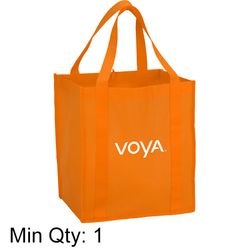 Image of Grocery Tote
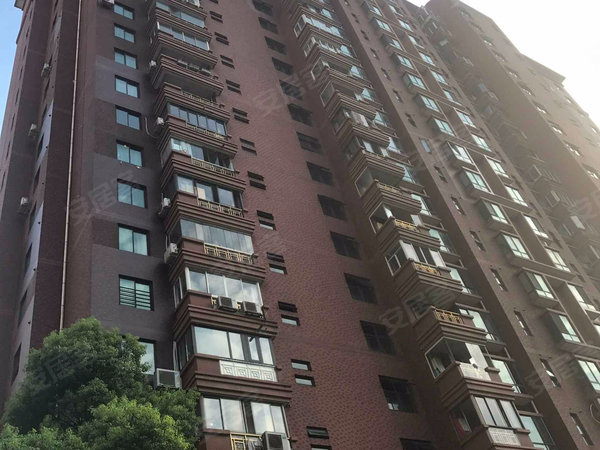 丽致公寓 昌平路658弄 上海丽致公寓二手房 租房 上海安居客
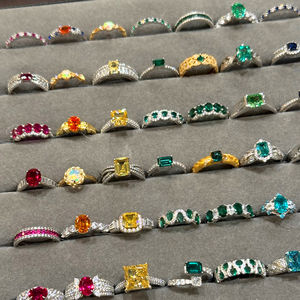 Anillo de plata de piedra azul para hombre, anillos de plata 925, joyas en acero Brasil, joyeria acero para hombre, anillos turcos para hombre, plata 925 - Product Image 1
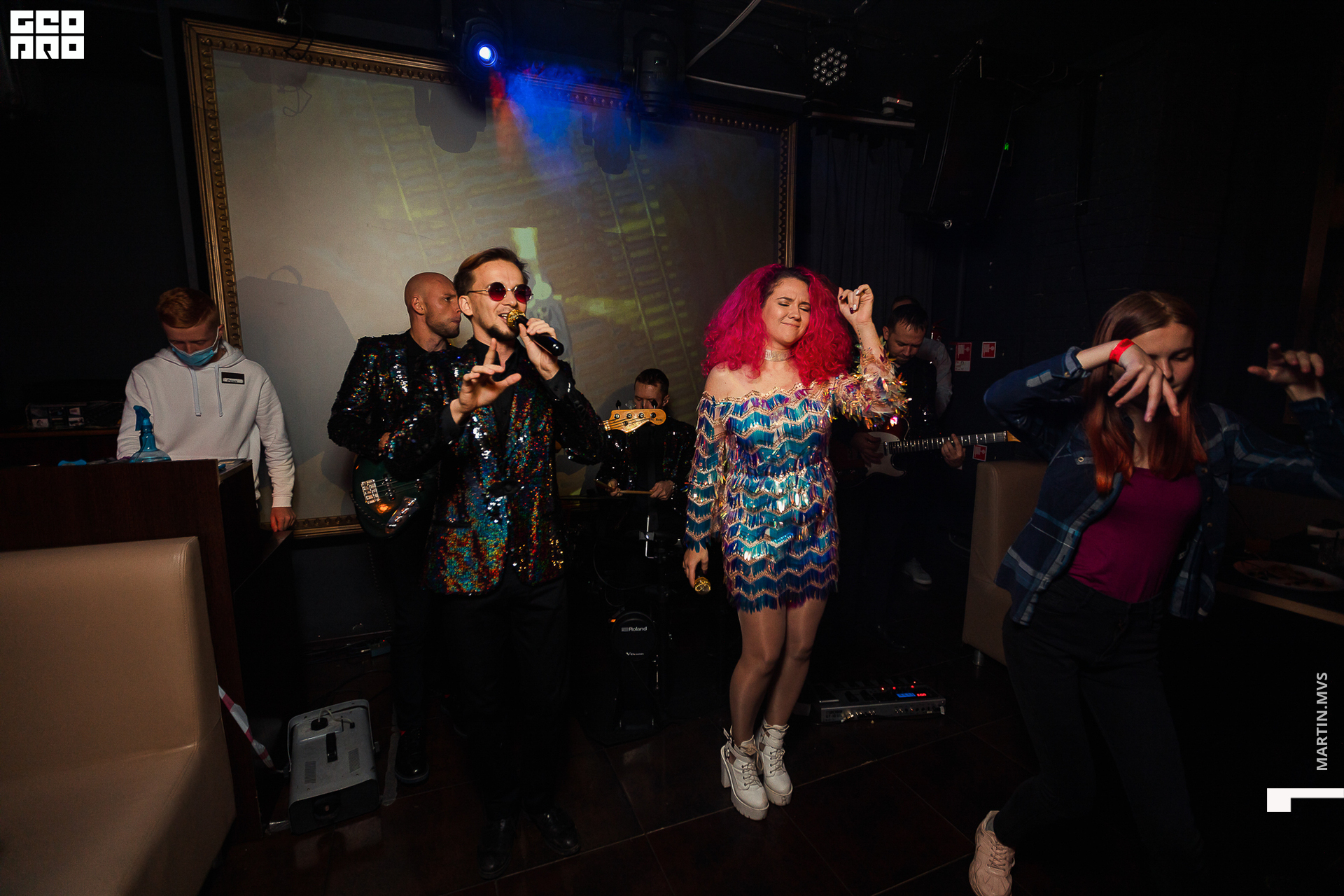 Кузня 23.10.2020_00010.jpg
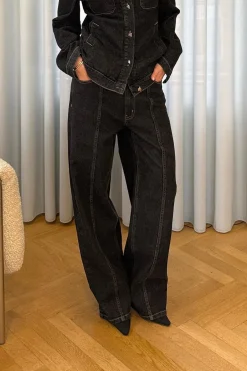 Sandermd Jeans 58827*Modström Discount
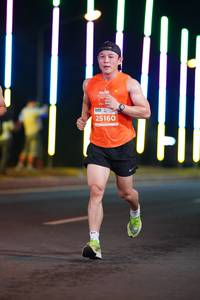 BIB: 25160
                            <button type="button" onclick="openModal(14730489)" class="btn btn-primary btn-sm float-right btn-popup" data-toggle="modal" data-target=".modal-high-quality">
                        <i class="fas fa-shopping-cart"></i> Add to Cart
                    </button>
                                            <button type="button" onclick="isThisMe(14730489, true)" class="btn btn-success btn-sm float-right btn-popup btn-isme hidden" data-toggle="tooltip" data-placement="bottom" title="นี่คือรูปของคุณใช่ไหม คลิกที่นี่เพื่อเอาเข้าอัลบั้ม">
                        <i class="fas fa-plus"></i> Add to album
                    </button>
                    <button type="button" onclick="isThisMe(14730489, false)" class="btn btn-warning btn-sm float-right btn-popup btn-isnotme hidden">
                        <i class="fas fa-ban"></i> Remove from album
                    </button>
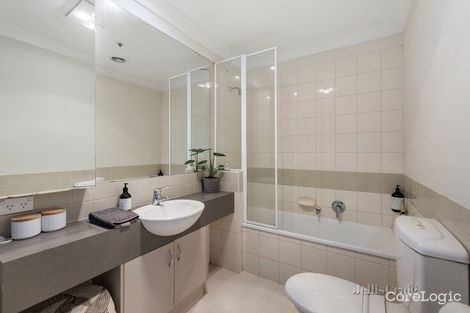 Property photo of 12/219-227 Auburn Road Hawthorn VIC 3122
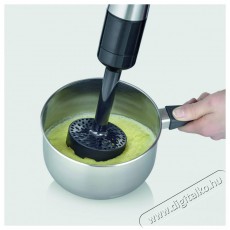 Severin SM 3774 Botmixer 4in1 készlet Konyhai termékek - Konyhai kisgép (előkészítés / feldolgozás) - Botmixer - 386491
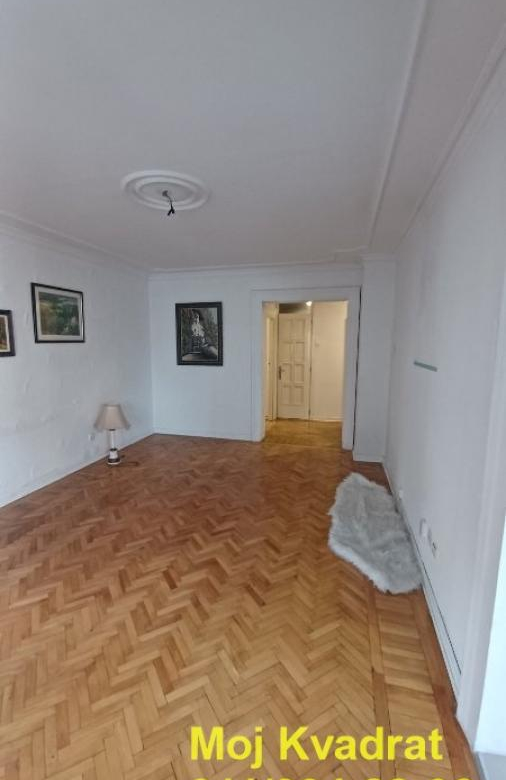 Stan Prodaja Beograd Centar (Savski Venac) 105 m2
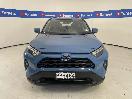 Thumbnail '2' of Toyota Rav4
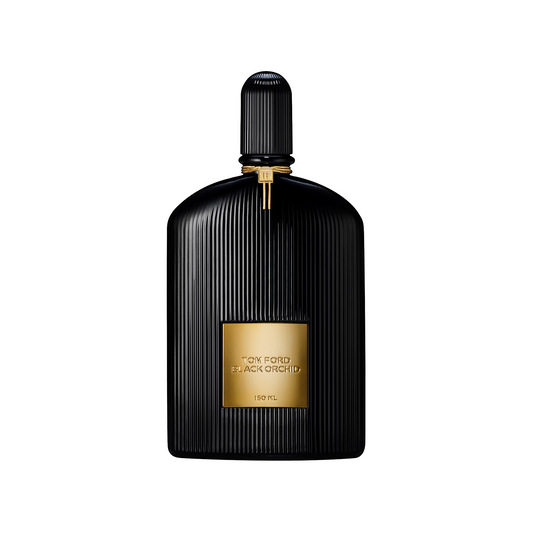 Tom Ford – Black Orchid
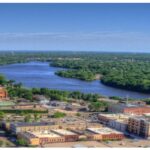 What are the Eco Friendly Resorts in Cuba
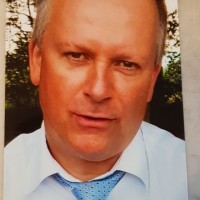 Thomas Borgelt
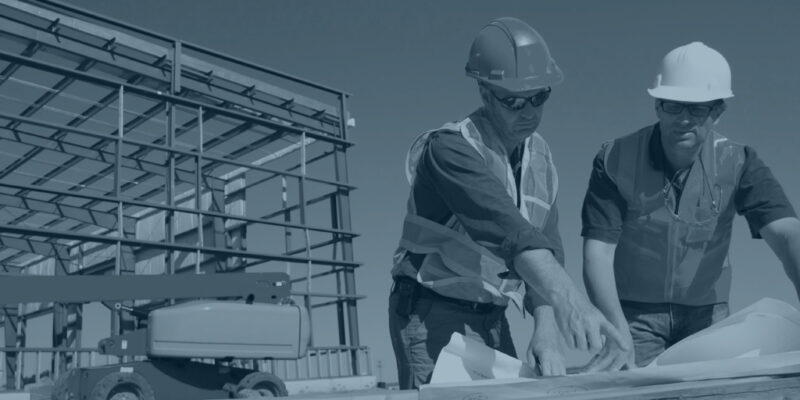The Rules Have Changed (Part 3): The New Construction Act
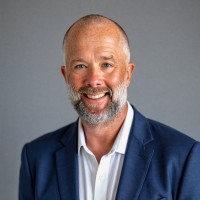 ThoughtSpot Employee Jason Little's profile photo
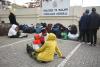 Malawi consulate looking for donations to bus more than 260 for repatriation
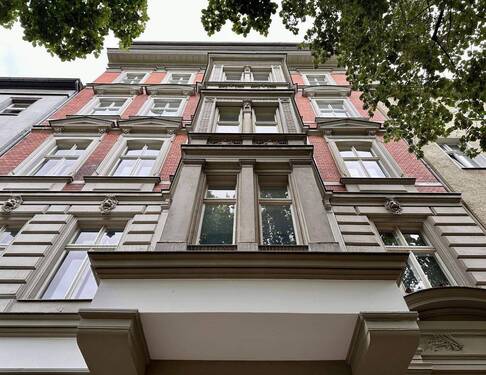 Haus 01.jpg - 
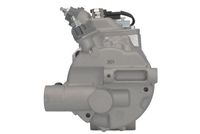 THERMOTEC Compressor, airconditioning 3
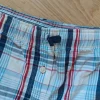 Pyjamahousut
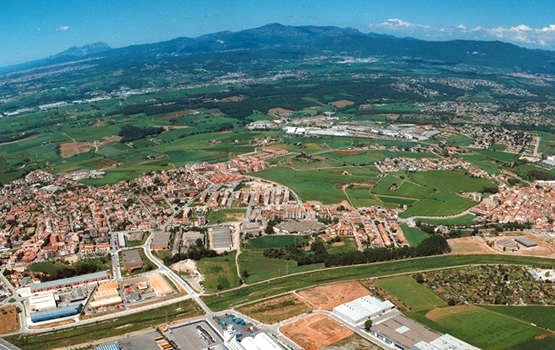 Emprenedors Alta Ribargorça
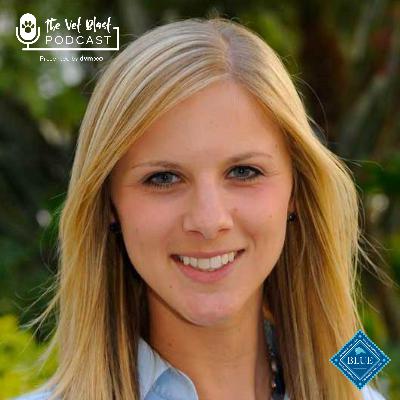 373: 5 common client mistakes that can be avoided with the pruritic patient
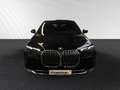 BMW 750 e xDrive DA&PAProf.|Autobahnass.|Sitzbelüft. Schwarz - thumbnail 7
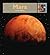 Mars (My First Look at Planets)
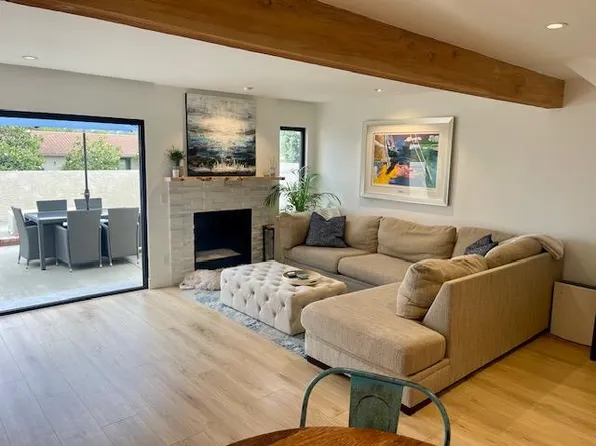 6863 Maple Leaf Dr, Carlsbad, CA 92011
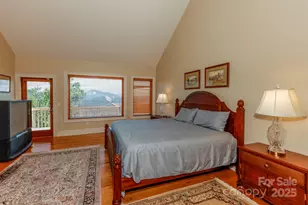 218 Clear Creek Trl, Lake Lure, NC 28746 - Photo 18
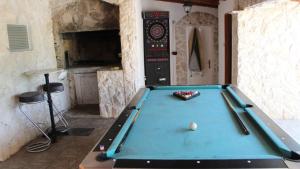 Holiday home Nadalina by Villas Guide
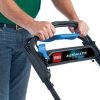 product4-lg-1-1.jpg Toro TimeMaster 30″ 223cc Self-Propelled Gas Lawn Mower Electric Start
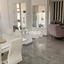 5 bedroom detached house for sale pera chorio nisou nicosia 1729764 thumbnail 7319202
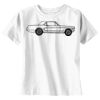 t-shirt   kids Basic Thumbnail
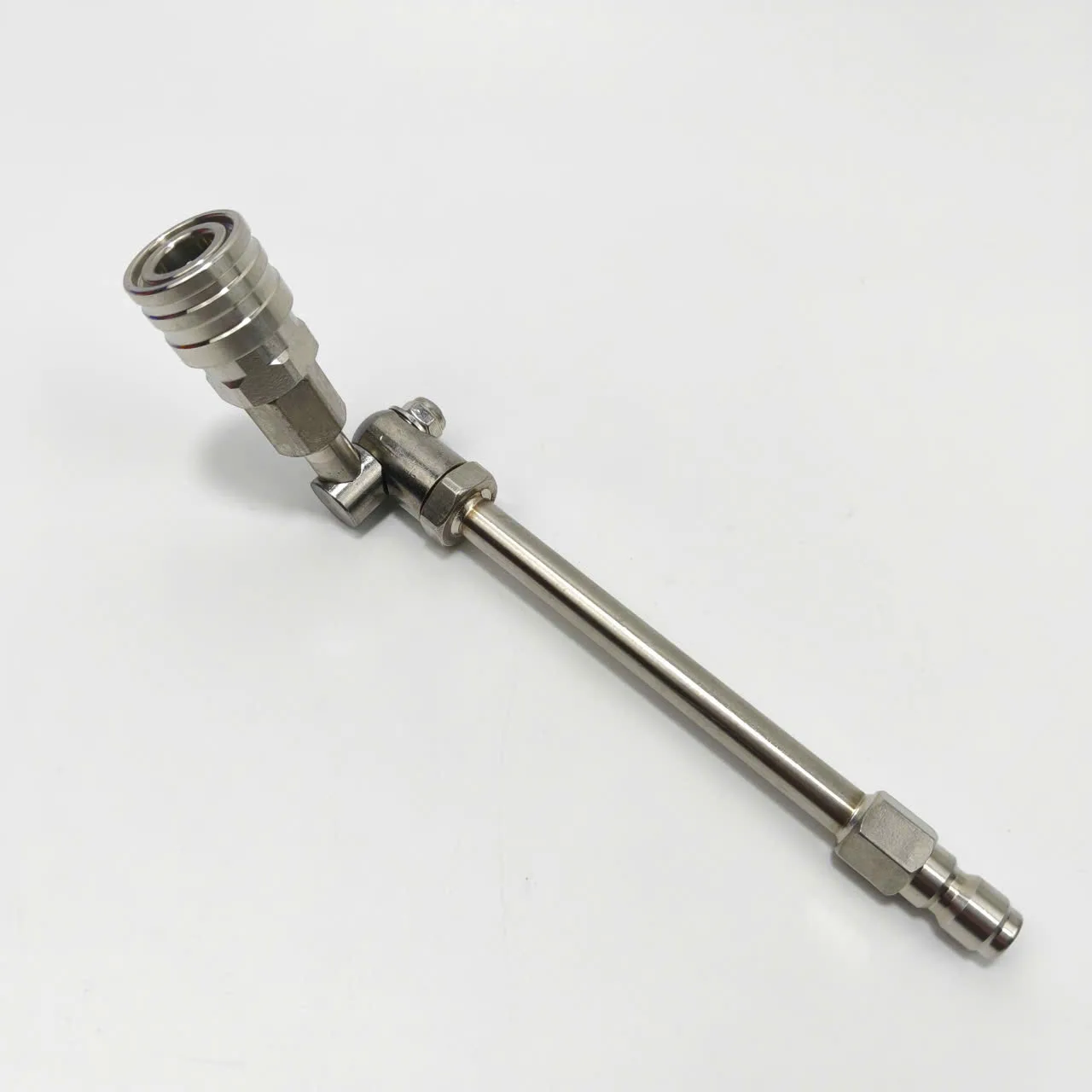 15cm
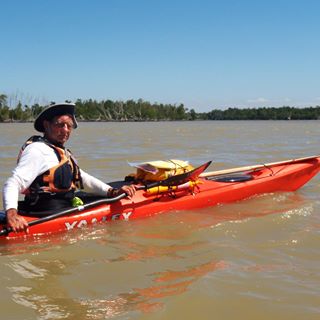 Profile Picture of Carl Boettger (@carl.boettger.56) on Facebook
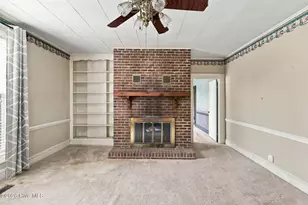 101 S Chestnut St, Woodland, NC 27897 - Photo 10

================================

▶ [Task description]: Transcribe, word for word, the stretch of lines in the data above from the one with "ThoughtSpot Employee Jason" through the one with "BMW 750 e xDrive"; omit all pictures.

▶ [Finished exercise]:
 ThoughtSpot Employee Jason Little's profile photo
 Malawi consulate looking for donations to bus more than 260 for repatriation
 Haus 01.jpg - 
 THERMOTEC Compressor, airconditioning 3
 Pyjamahousut
 Emprenedors Alta Ribargorça
 373: 5 common client mistakes that can be avoided with the pruritic patient
 BMW 750 e xDrive DA&PAProf.|Autobahnass.|Sitzbelüft. Schwarz - thumbnail 7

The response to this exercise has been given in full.